A school girl gestures as she and others walk past a man in Cairo, April 8, 2013. REUTERS/Amr Abdallah Dalsh
By Rahma Diaa
CAIRO, Jan. 11 (Aswat Masriya) - Women’s rights groups have put forward a number of draft laws they want discussed in the newly-elected parliament, which was inaugurated Sunday.
Proposed legislation on women includes a personal status bill as well as bills on domestic violence, human trafficking and municipal elections, in addition to proposed amendments to existing women-related laws.

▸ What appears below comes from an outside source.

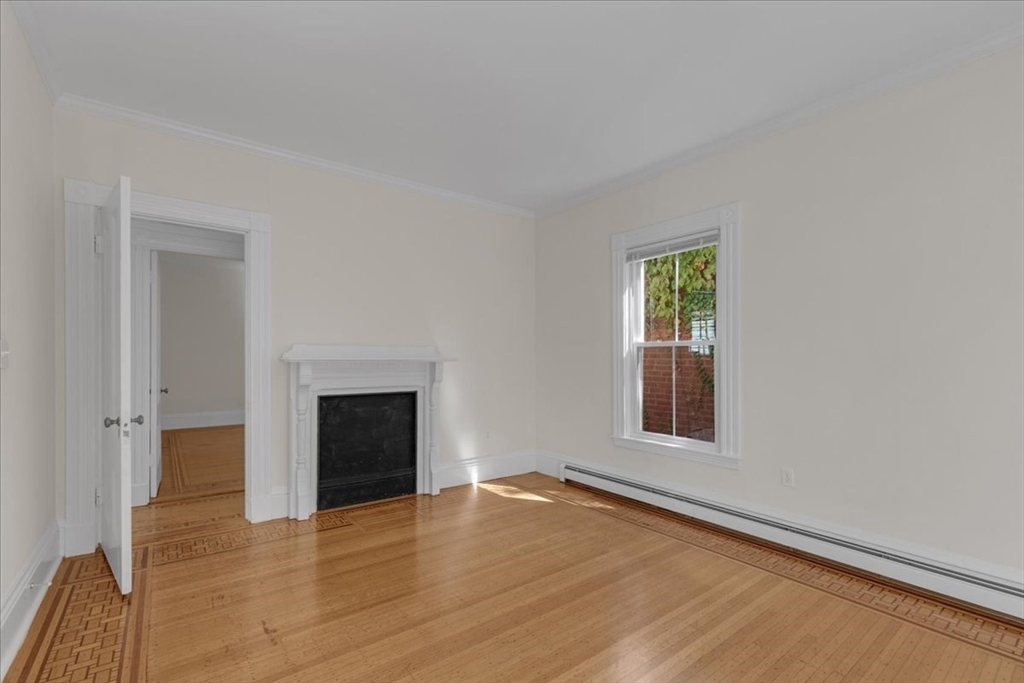 325 Western Ave, Riverside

Women’s organisations have set high hopes for the new parliament with regards to laws securing more achievements for women, in light of the fact that the current parliament has 87 female members, making up 14.59% of the parliament’s 596 seats.
Personal status law:
The general federation of Egyptian women completed the preparation of a draft personal status law in collaboration with a number of women's organisations, law and shariah (Islamic jurisprudence) professors and the National Council for Human Rights, according to Essam Shaaban, the media coordinator of the union.
Shaaban said the amendments aimed at achieving justice for all parties involved. He said that the draft law is avoiding loopholes in the existing one.
Alimony cases represent 80% of the cases held in front of family courts per year according to statistics by the National Council for Women.
Shaaban said that the union is in contact with women members in the House of Representatives and has put forward the draft law to them.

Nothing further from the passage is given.